Almanac Beer Co. Farmer's Reserve No. 1
Barrel-aged and bolstered with unusual additions including plums and cabernet, muscat, and concord grapes, Almanac's Farmer's Reserve No. 1  is unlike any beer we've ever tried both in terms of its production and its flavor. We'll be sipping this sour stunner on park picnics and pairing it with cheese and charcuterie plates as its berry nose, fermented funk, and prominent oak and grape flavors make it exceptionally food-friendly.
St. Bernardus Wit Belgian Abbey Ale
Slightly cloudy, nutty, spicy, crisp, and exceptionally wheat-forward, this Belgian ale is just the sort of beverage we'd like to leisurely enjoy on a mellow night out or in.
Hitachino Nest Real Ginger Brew
At first whiff of this Japanese ginger-infused brew , a heavy soy-sauce-like aroma is unmistakeable. This savory quality holds up on first sip, though it surprised us with a lighter body and subtle ginger flavor, which would pair well with Asian cuisine, particularly sushi.
2012 Goose Island Matilda Belgian Style Ale
Goose Island's Matilda  is creamy, sturdy, pleasantly bitter, and an easy sipper, making it a staple of POPSUGAR happy hours. Likewise, we'd suggest it as a solid choice for bringing to a party as it appeals to a large variety of palates.
Deschutes Brewery Mirror Pond Pale Ale
Fruity, bittersweet, and light-bodied, Deschutes Brewery's Mirror Pond Pale Ale  is an approachable yet intriguing crowd-pleaser. Even better, it and the brewery's other plethora of brews have homebrew recipes  listed on the website, a boon to beer-brewing enthusiasts.

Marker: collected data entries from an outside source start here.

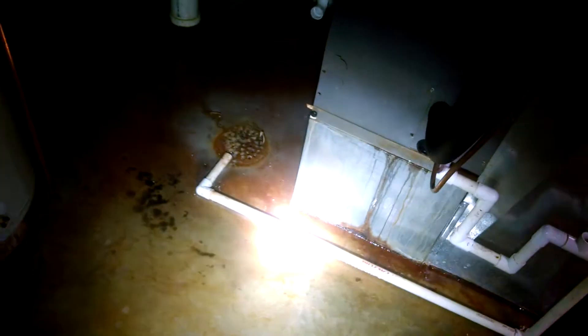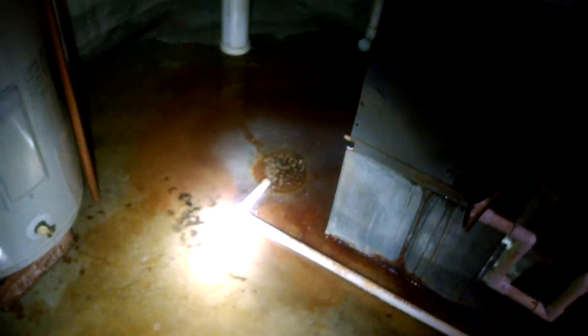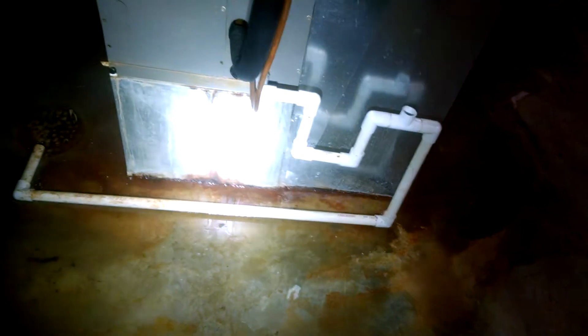We're looking at a real quick situation — we came here to take a look at a sewer backup. We didn't realize it at first; we didn't know if it was the hot water heater pressure relief valve popping off, or if it was our filter being dirty in our furnace. But it's not either of those.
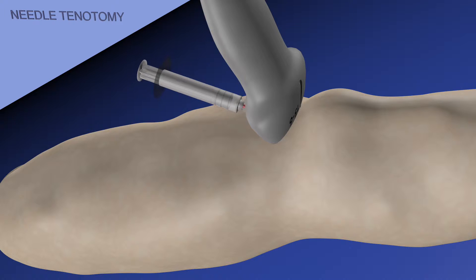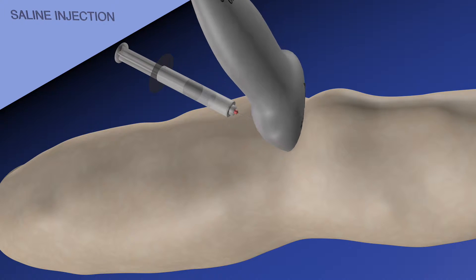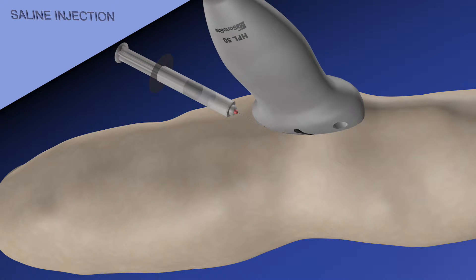It's also good to look at the needle in a short axis plane or axial view to get a better sense of the medial-lateral orientation of the needle. Here we are injecting saline again with the needle in long axis or sagittal view relative to the body. At the very end we're doing a cortisone injection.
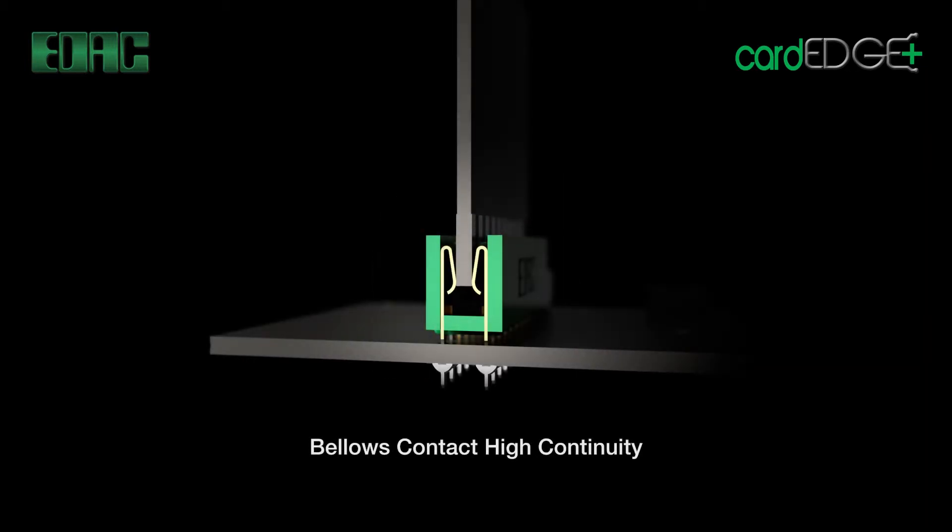EDAC Card Edge performance features include an impressive 200 to 300 mating cycles that can be achieved with standard 10 micro-inch gold contacts. Bellows-style contacts ensure a tight fit and high continuity connections.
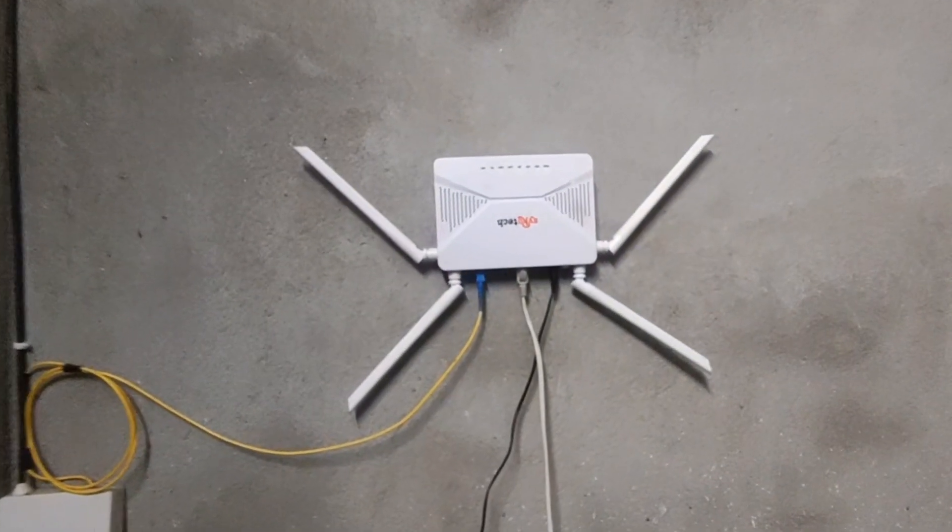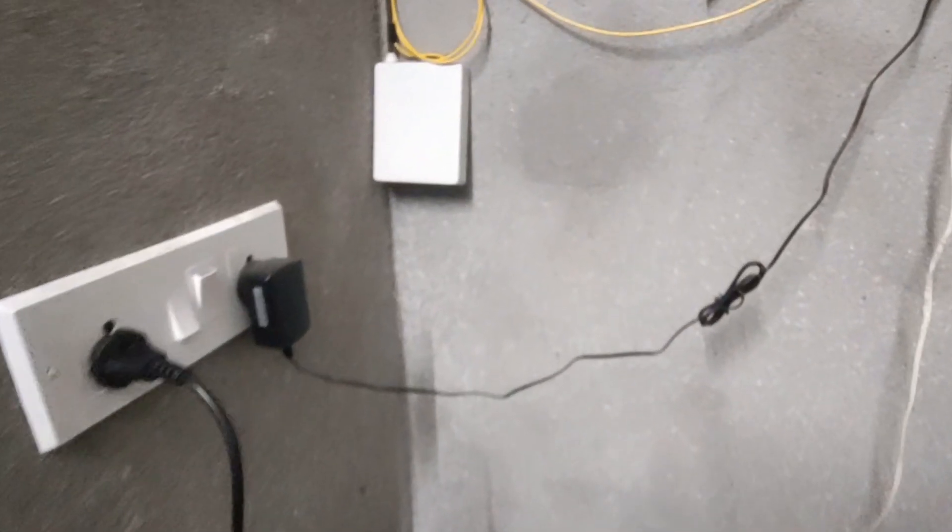This is my WiFi setup. It is running a fiber optic cable, because in this area there is a lot of industries, so we get good fiber optics pretty cheap. It looks good.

Lindemans Gueuze Cuvée René
Sour-beer fans, listen up: Lindemans' gueuze  — a traditional style of Belgian lambic that's twice fermented, resulting in a tart Champagne-like flavor — is just the ticket. While this unusual varietal might not be for everyone — we had a few in our group of tasters who found it too acidic — those who enjoyed it were very much on board, touting its similarity to hard cider or a crisp white wine as positives.